国語、数学の記述式問題も分量が多くなり、上位層でないと読み切れない。数学の変化球のような文章問題に耐えうるのも学力に余裕のある上位層。おそらく、今まで以上に上位層とそれ以下の層の格差が拡がることになるでしょう。地域格差と経済力格差が論点になりましたが、これは英語民間試験に限りません。小さい頃から塾通いをして進学校に入らないと難関大学合格は難しい。
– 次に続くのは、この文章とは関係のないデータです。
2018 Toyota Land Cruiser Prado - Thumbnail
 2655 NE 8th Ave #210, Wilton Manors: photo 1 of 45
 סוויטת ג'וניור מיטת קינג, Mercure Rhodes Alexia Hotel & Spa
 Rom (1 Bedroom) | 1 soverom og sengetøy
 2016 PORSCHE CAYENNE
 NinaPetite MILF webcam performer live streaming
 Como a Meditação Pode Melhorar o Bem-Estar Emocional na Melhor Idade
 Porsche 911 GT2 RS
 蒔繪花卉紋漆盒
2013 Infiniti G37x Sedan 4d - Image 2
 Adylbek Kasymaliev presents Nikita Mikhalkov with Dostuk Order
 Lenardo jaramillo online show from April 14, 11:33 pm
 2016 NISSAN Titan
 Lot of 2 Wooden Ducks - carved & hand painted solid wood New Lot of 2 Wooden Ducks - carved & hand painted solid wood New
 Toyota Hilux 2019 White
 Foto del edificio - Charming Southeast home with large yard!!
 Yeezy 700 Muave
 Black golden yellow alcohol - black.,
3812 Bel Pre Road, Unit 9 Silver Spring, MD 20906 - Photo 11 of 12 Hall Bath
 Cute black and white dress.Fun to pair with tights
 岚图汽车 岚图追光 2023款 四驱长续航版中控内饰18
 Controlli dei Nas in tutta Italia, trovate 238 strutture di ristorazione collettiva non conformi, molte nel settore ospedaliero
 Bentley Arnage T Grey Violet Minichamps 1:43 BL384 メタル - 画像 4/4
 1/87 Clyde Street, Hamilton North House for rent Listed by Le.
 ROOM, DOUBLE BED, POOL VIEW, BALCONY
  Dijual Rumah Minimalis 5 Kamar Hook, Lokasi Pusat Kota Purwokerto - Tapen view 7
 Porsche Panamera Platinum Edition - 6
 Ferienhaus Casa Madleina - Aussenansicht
都市部の裕福な家庭の子弟が受験に圧倒的に有利なのが現実です。
統計データを分析するのが大好きな講師は、2月にかけて複数実施された全国共通テスト模試の結果を楽しみにしています♪センター試験以上に思考力が重視され全部正解問題など満点阻止の仕組みが埋め込まれた新マーク式試験では各科目とも大幅に平均点が下がることから、これまでのセンター目標スコアも変動することが予想されています。東大のセンター9割目標も共通テストに変わると8割台に落ちることは必至です。
四国の田舎から世界を目指した講師は、進学した東京のトップ私大でも、就職した大手金融機関でも地方と都会の教育格差を身をもって感じてきました。「地方と都会の英語教育格差ストップ!」を理念を掲げスタートしたスーパーイングリッシュの挑戦はまだまだ続きます!